Haji-Umrah
Soal Fasilitas Jamaah Haji Indonesia di Tanah Suci, Kemenag Dinilai Tak Transparan
Jakarta – Fasilitas hotel bagi Jemaah Haji Indonesia di Madinah, khususnya persoalan lokasi, dinilai masih terlalu jauh, meskipun telah berada di area lingkar (ring) satu di Masjidil Haram.
Hal itu disampaikan Wakil Ketua Komisi VIII DPR RI Iskan Qolba Lubis saat mengawasi pelaksanaan ibadah haji di Arab Saudi, Senin, 6 September 2016.
“Sejauh ini kondisi hotel di Madinah, sejumlah 115 buah yang disewa bagi jemaah haji terletak di ring satu, namun waktu yang sama di Makkah tidak banyak peningkatan, karena masih ada hotel dengan jarak mencapai 4.398 M. Jarak sejauh itu sudah pasti jemaah lansia sulit ke Mesjid,” jelas Iskan.
Menurut Iskan, Kementerian Agama (Kemenag) selama ini dinilai belum transparan menyangkut fasilitas bagi Jemaah Haji Indonesia di tanah suci. Sebab, selama ini Kemenag hanya menyampaikan data yang sangat normatif dan tidak substantif. Hal itu membuat Komisi VIII DPR RI kurang optimal dalam fungsi pengawasan.
“Data yang disampaikan hanya sekitar tahapan penyelenggaraan haji yang sebenarnya tidak terlalu dibutuhkan, namun pada waktu yang sama proses tender, pengelolaan APBN, dan dana masyarakat yang dikelola Kemenag seolah tertutup rapat,” papar Legislator PKS dari Daerah Pemilihan Sumatera Utara II ini.
Belum idalnya fasilitas bagi Jemaah Haji Indonesia ini, menurut Iskan, semakin menguatkan upaya untuk memisahkan antara regulator dan operator dalam penyelenggaraan haji. Apalagi, menurut Iskan, Kemenag mengendalikan dana lebih dari Rp 50 triliun , namun tidak dikelola secara profesional, sehingga tidak bermanfaat secara optimal bagi Jemaah Haji Indonesia.

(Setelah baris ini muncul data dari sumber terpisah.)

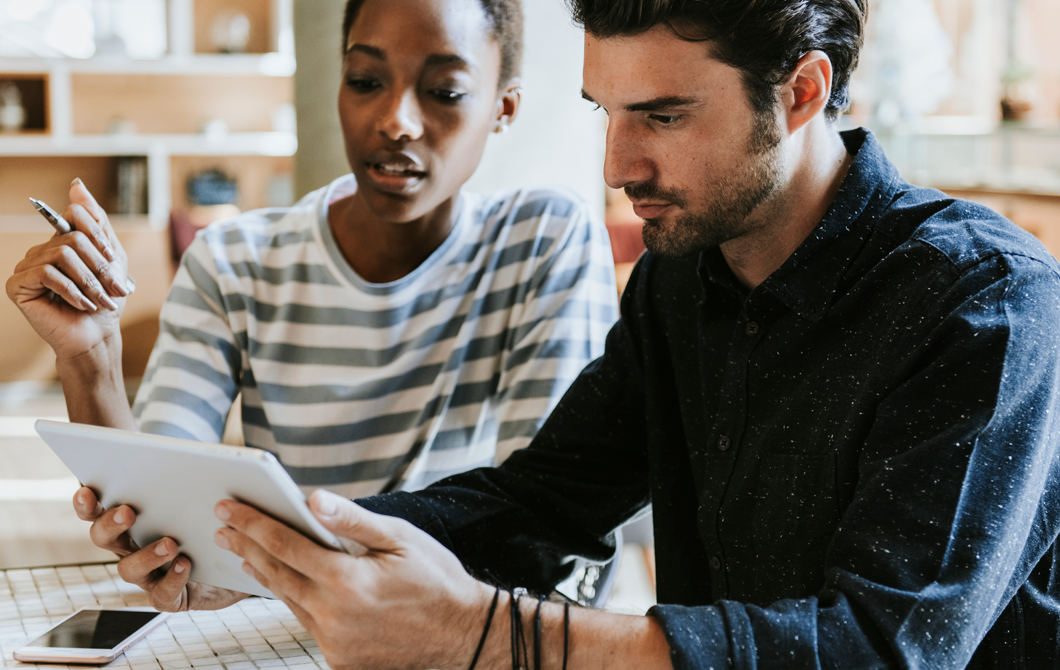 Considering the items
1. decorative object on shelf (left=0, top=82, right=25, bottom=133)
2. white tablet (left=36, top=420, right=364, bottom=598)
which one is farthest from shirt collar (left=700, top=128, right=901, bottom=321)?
decorative object on shelf (left=0, top=82, right=25, bottom=133)

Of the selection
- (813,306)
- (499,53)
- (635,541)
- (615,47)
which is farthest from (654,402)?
(635,541)

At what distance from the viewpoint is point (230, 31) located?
545 cm

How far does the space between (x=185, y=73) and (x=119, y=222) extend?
96 cm

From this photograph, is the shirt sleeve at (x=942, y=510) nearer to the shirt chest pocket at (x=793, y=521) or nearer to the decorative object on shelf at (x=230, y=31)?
the shirt chest pocket at (x=793, y=521)

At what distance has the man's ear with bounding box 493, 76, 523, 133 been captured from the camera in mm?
1514

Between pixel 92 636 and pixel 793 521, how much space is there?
70 cm

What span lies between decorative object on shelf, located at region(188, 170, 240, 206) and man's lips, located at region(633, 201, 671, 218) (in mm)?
4932

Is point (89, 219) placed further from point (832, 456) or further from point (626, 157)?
point (832, 456)

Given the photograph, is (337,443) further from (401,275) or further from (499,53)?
(499,53)

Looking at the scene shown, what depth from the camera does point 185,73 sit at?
546cm

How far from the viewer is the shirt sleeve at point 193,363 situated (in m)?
1.36

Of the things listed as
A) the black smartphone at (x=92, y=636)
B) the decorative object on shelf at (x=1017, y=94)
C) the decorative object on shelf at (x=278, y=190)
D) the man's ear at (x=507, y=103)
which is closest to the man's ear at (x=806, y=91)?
the man's ear at (x=507, y=103)

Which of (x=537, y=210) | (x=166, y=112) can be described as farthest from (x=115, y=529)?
(x=166, y=112)

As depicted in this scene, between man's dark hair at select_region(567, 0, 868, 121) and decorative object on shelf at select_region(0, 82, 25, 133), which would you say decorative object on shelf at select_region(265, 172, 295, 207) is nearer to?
decorative object on shelf at select_region(0, 82, 25, 133) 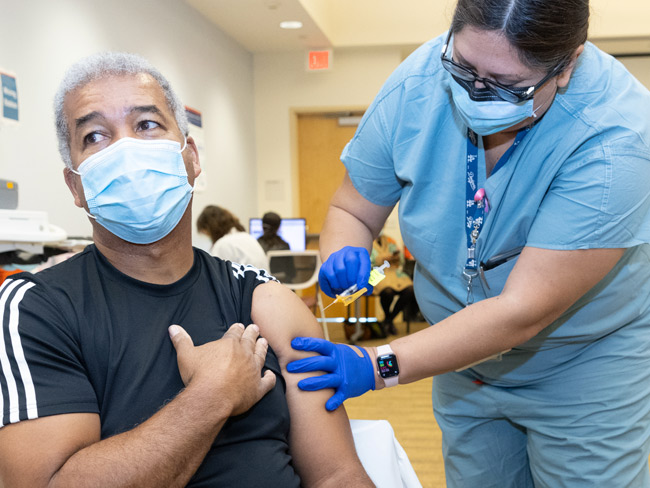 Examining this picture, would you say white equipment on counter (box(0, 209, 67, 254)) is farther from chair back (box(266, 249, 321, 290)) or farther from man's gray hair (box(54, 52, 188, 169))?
chair back (box(266, 249, 321, 290))

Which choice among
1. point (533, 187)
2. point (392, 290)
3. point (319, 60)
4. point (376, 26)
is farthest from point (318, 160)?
point (533, 187)

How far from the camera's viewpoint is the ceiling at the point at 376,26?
6320 millimetres

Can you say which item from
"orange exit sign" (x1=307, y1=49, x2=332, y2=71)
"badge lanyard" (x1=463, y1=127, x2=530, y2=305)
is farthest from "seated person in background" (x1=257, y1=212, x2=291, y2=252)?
"badge lanyard" (x1=463, y1=127, x2=530, y2=305)

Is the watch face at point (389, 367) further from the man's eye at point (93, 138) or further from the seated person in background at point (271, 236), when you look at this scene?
the seated person in background at point (271, 236)

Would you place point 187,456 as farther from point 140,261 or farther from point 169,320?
point 140,261

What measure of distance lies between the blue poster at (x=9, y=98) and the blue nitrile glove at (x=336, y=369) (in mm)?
2506

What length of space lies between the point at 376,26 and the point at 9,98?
15.5ft

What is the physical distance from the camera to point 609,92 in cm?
115

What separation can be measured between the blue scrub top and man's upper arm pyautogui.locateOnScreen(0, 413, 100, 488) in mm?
795

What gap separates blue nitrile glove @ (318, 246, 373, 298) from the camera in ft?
4.18

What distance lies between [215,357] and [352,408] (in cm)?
279

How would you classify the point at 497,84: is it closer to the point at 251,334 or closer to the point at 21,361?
the point at 251,334

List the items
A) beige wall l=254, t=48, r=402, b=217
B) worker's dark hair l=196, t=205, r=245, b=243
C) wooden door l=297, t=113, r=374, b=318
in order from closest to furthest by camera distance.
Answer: worker's dark hair l=196, t=205, r=245, b=243 → beige wall l=254, t=48, r=402, b=217 → wooden door l=297, t=113, r=374, b=318

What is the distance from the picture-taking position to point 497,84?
1068 millimetres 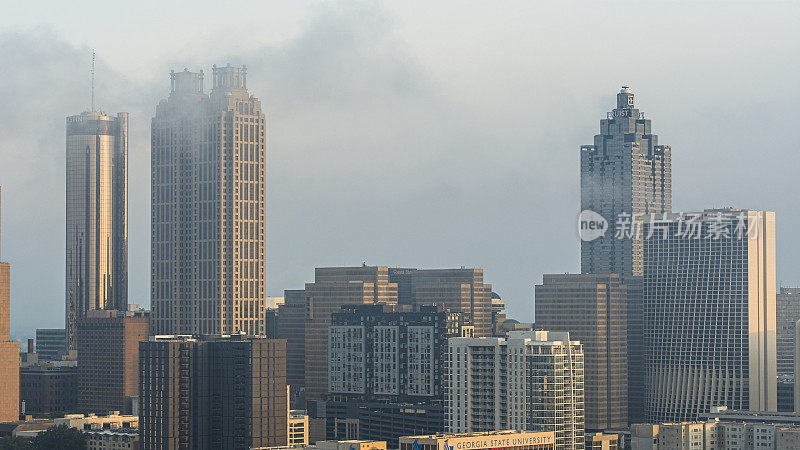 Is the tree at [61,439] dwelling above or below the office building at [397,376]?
below

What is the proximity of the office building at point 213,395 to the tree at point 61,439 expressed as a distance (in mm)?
13381

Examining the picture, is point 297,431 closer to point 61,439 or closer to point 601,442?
point 61,439

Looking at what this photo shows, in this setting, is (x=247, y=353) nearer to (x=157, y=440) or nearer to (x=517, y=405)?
(x=157, y=440)

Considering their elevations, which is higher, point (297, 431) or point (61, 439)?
point (297, 431)

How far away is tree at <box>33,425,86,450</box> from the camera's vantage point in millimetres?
178325

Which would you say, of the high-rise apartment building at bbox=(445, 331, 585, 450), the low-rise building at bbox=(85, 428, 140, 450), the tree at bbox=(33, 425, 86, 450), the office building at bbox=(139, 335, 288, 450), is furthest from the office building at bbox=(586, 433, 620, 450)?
the tree at bbox=(33, 425, 86, 450)

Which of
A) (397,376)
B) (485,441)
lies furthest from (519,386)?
(397,376)

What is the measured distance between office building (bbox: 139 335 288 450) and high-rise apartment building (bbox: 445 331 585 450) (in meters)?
25.4

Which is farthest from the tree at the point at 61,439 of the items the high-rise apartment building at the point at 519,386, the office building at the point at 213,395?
the high-rise apartment building at the point at 519,386

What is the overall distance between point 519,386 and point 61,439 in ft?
204

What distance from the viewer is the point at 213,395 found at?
16875 centimetres

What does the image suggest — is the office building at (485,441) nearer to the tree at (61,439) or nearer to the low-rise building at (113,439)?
the low-rise building at (113,439)

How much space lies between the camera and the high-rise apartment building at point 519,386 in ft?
445

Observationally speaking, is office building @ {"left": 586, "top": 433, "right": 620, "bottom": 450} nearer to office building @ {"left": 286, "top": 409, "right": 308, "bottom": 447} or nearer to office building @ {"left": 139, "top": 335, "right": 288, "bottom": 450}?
office building @ {"left": 286, "top": 409, "right": 308, "bottom": 447} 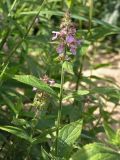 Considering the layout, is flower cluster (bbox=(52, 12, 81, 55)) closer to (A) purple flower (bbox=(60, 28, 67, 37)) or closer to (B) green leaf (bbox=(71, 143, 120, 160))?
(A) purple flower (bbox=(60, 28, 67, 37))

“Untuk petugas haji saja, tercatat saat ini di Makkah berjumlah 856 orang, PPIH Kemenag sebanyak 267 orang, PPIH Kemenkes berjumlah 162 orang. Belum lagi Temus Kemenag berjumlah 159 orang, Temus Kemenkes 159 orang, dan Temus Transportsi berjumlah 118 orang. Namun dengan jumlah sebanyak itu, terlihat layanan masih di bawah standar, padahal yang dibutuhkn tenaga lapangan dari mahasiswa dan mualimin, yang tinggal di sana, sehingga efektif dan efisien,” kata Iskan.
Belum maksimalnya pelayanan haji tersebut juga berlaku untuk fasilitas kesehatan. Hal itu sebagaimana tercatat di Kementerian Kesehatan bahwa sebanyak Jemaah Haji Indonesia yang meninggal sebanyak 70 (tujuh puluh) orang karena menderita sakit jantung.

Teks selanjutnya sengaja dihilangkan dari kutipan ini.